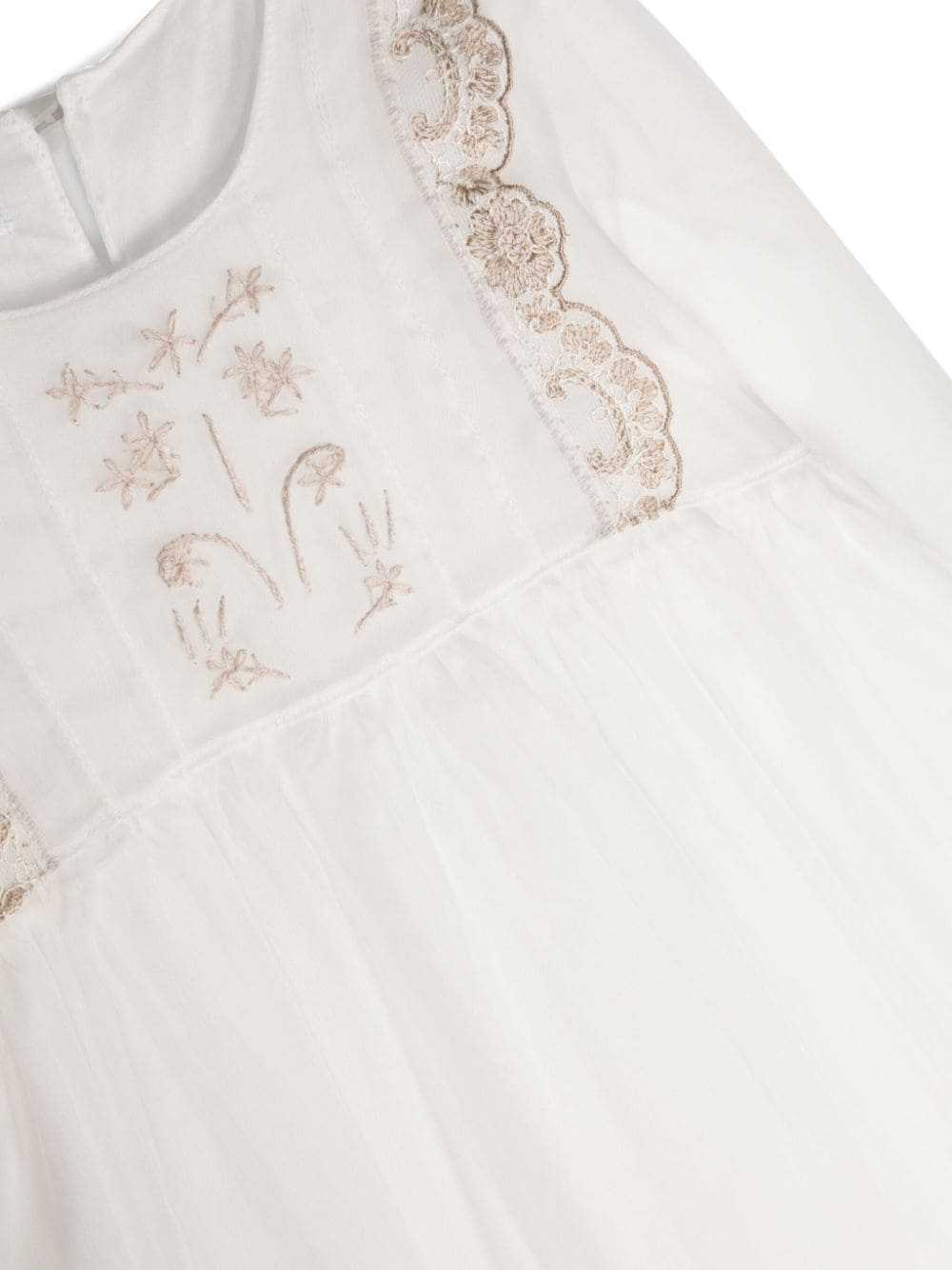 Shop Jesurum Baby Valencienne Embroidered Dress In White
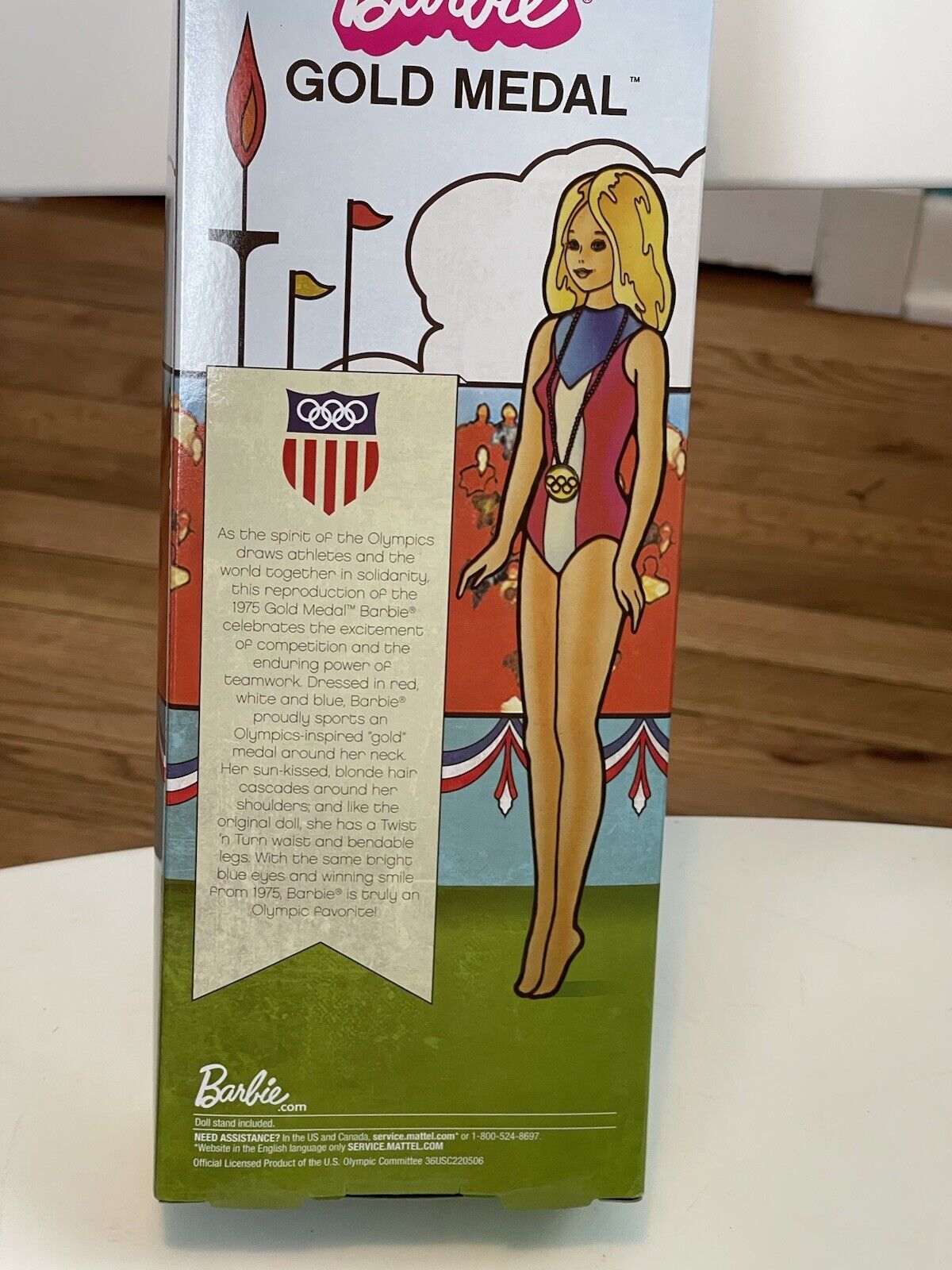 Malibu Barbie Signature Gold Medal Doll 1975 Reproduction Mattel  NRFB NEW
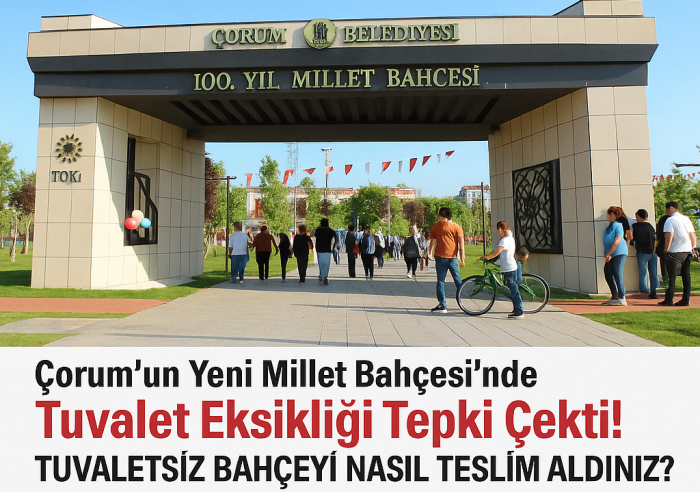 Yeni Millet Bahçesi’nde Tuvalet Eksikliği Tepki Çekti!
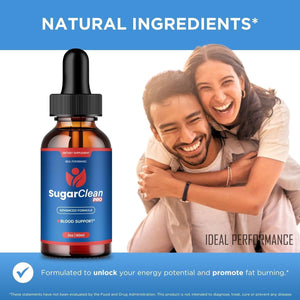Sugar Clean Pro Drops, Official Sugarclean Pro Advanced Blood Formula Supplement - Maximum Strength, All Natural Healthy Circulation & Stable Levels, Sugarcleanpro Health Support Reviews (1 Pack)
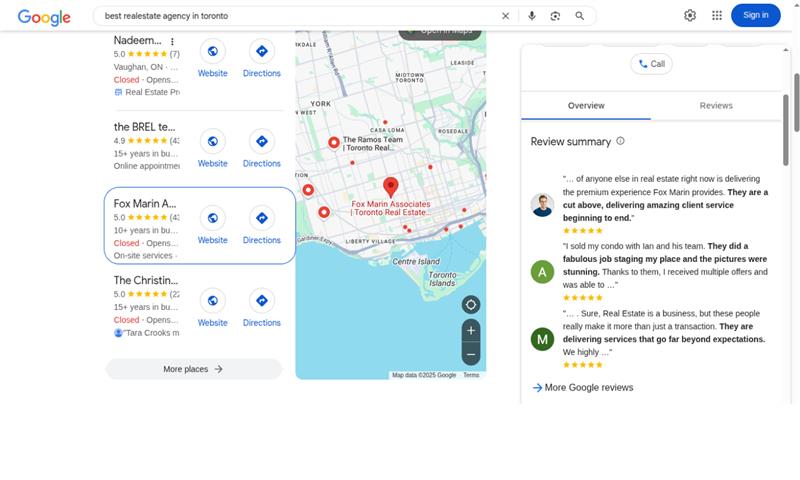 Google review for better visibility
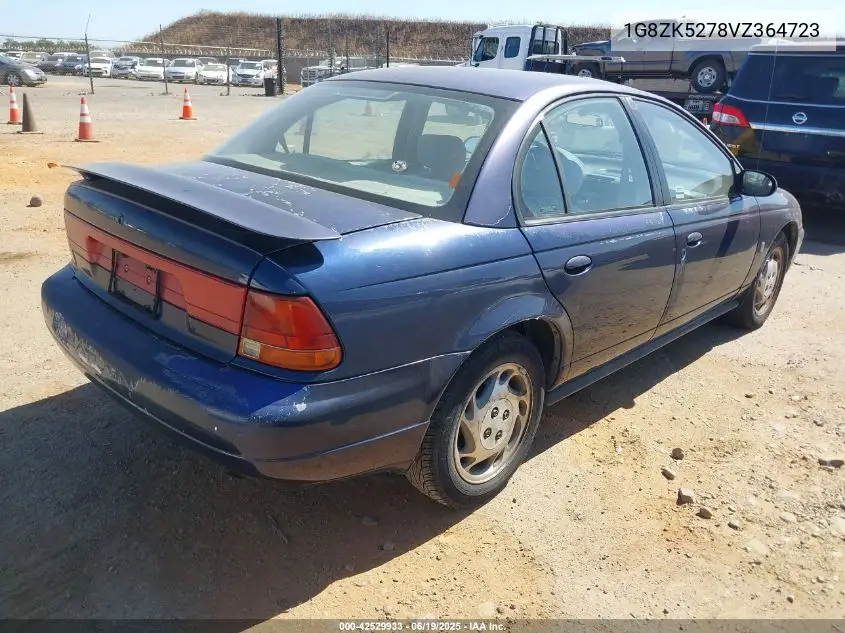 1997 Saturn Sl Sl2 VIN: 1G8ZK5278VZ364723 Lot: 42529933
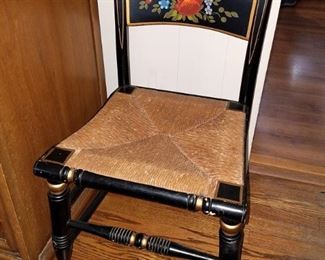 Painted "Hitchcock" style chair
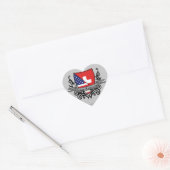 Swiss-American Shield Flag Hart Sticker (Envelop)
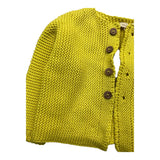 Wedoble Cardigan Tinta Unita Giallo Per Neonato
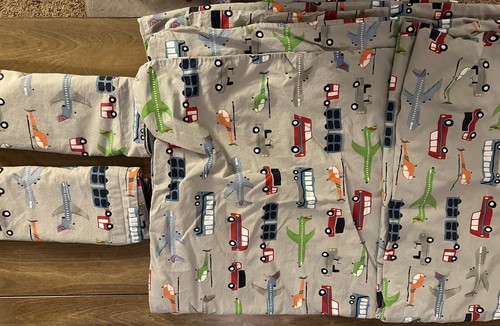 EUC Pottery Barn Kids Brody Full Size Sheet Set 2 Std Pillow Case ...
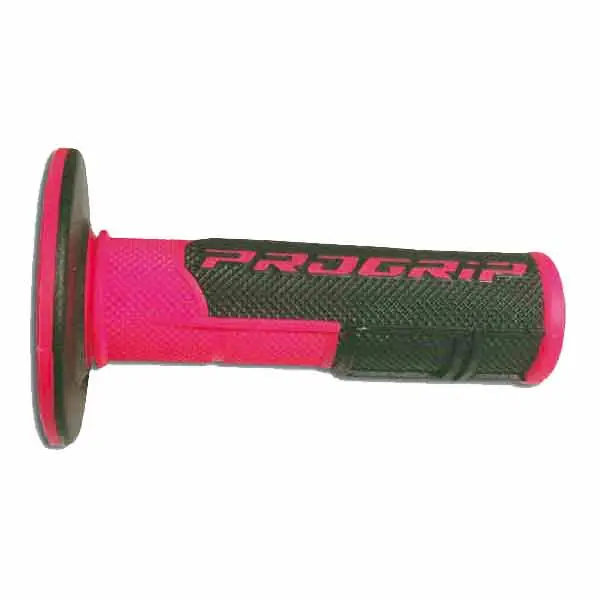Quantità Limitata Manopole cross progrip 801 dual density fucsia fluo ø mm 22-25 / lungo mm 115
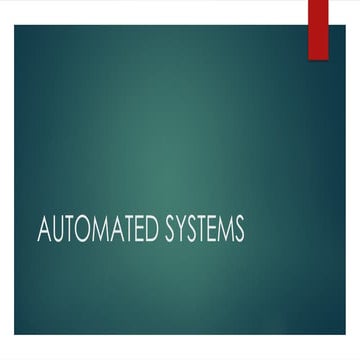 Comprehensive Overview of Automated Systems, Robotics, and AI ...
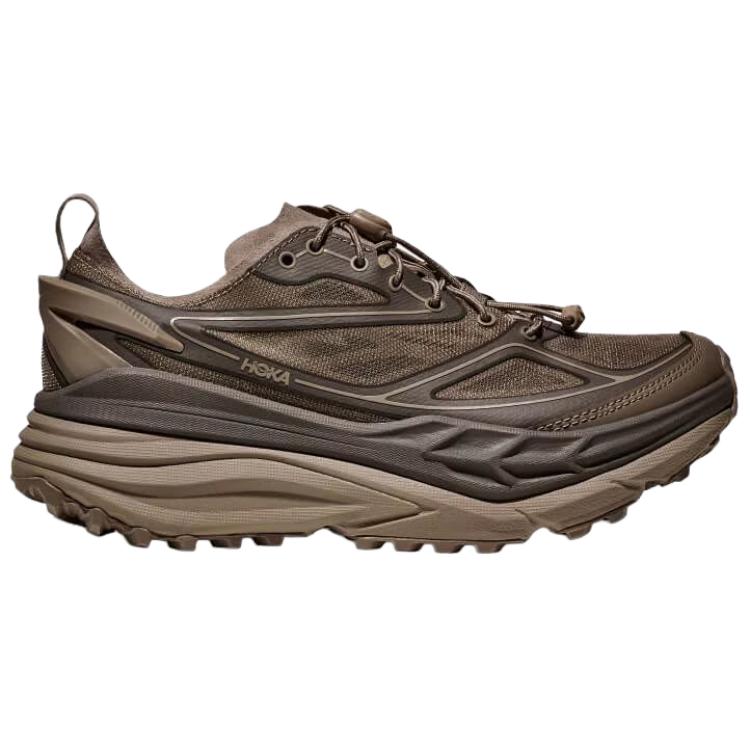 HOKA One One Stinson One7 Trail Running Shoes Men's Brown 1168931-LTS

■ ■ ■

_Aim of the exercise:_ Using the entries above, repeat exactly the lines from the one with "Malibu Barbie Signature" to the one with "Google review for better visibility", both included, and leave the pictures behind.

_Reply to the exercise:_
 Malibu Barbie Signature Gold Medal Doll 1975 Reproduction Mattel  NRFB NEW
 Yeni Millet Bahçesi’nde Tuvalet Eksikliği Tepki Çekti!
Sugar Clean Pro Drops, Official Sugarclean Pro Advanced Blood Formula Supplement - Maximum Strength, All Natural Healthy Circulation & Stable Levels, Sugarcleanpro Health Support Reviews (1 Pack)
 Google review for better visibility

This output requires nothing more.